Even the most foundational principles of equal protection jurisprudence have no apparent connection to the text of the Fourteenth Amendment. The Justices tell us, for example, that a "core purpose of the Fourteenth Amendment was to do away with all governmentally imposed discrimination based on race." (6) Yet the Fourteenth Amendment makes no mention of race and has no textual prohibition on state-sponsored racial discrimination. And other provisions in the Constitution make clear that the Fourteenth Amendment did not give blacks the right to vote; the Fifteenth Amendment would not have been necessary if the Fourteenth Amendment had done this, (7) and Section 2 of the Fourteenth Amendment assumes that states may deny blacks the right to vote and accept reduced representation in Congress. (8) All of this is hard to square with the Court's oft-repeated mantra that the Fourteenth Amendment prohibits all racial classifications in government (9)--and the Justices have not explained how that mantra can be reconciled with these textual realities of the Reconstruction Amendments. Instead, the Justices have relied on judicial precedent and ruminations about the Fourteenth Amendment's "purpose," (10) rather than anything that appears in a formally enacted text.

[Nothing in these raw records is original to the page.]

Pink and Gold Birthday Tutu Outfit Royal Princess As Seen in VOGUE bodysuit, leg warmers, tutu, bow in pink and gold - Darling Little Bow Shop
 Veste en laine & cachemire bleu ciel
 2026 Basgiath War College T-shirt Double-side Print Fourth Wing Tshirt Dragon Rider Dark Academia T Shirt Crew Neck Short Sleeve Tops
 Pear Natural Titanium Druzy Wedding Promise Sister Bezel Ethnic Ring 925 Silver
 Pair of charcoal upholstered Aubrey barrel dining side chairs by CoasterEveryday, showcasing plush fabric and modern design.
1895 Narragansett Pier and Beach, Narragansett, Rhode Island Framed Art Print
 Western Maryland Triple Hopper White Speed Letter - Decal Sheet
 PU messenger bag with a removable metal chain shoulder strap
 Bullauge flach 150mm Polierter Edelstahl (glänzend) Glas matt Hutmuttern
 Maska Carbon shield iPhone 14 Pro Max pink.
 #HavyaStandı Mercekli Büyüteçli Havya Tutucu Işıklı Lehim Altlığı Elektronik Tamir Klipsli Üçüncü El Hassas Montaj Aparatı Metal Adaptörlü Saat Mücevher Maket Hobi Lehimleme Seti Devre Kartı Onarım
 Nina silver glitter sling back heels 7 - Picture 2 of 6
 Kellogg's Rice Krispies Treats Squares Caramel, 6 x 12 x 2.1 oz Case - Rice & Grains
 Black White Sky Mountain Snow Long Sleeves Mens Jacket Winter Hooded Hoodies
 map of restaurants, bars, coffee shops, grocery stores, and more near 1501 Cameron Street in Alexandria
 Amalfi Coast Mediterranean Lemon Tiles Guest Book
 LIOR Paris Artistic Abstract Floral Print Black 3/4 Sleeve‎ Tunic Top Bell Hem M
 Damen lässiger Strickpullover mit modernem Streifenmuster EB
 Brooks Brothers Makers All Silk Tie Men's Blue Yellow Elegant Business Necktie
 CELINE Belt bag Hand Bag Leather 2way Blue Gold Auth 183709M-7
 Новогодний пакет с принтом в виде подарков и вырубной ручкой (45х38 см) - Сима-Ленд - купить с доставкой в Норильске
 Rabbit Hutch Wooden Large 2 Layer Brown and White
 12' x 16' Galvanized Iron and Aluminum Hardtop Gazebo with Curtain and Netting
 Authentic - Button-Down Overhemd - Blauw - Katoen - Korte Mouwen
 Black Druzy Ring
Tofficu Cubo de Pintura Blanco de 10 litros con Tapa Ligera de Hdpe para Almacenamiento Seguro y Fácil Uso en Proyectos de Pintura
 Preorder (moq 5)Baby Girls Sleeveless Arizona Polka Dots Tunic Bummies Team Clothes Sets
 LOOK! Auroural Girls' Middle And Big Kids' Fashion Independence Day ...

The atextual nature of the Court's opinions has led many to conclude that modern equality jurisprudence can be defended only by rejecting textualism and embracing purposivist or precedent-based interpretive methodologies. (11) Indeed, even textualist jurists have surrendered to purposivism when attempting to explain how the Fourteenth Amendment can prohibit racial classifications while permitting other forms of state-sponsored discrimination. (12) But it is a mistake to think that full-throated textualism is incompatible with the Supreme Court's racial-equality pronouncements. And it is equally wrong to think that modern equality jurisprudence necessarily rests on an interpretive methodology that minimizes or ignores the language of formally enacted texts.

There is in fact plenty of textual support for the Supreme Court's modern equality decisions--and it comes not from the Equal Protection Clause, but from the congressional civil rights enactments that require racial minorities to be treated as full and equal citizens. Statutes of this sort have been on the books since before the Fourteenth Amendment was ratified, (13) and they continue to exist today. The Civil Rights Act of 1866, for example, predates the Fourteenth Amendment and gives minority citizens the same rights to own property and to make and enforce contracts that white citizens enjoy. (14) In 1875, Congress went a step further and outlawed racial discrimination in jury selection and in places of public accommodation. (15) Today, federal legislation prohibits state and local governments from segregating or discriminating against racial minorities in employment, education, and public accommodations, and it forbids racial discrimination in every program or activity that receives federal funds. (16)

The conventional view is that these civil rights statutes simply repeat what the Equal Protection Clause had always required of state and local governments. (17) But there are problems with interpreting the Equal Protection Clause that way. First, many of these civil rights statutes require equal treatment of racial minorities, which goes beyond the equal protection of the laws that the Fourteenth Amendment requires. Second, these civil rights statutes outlaw only racial discrimination, yet the text of the Equal Protection Clause makes no distinction between racial classifications and other forms of discrimination. On the contrary, the constitutional text requires states to confer the "protection of the laws" equally upon every person--man, woman, or child; citizen or alien--within the state's jurisdiction. Finally, many of these discriminatory practices (such as school segregation and race-based exclusions from jury service) were considered lawful and acceptable when the Fourteenth Amendment was ratified. (18)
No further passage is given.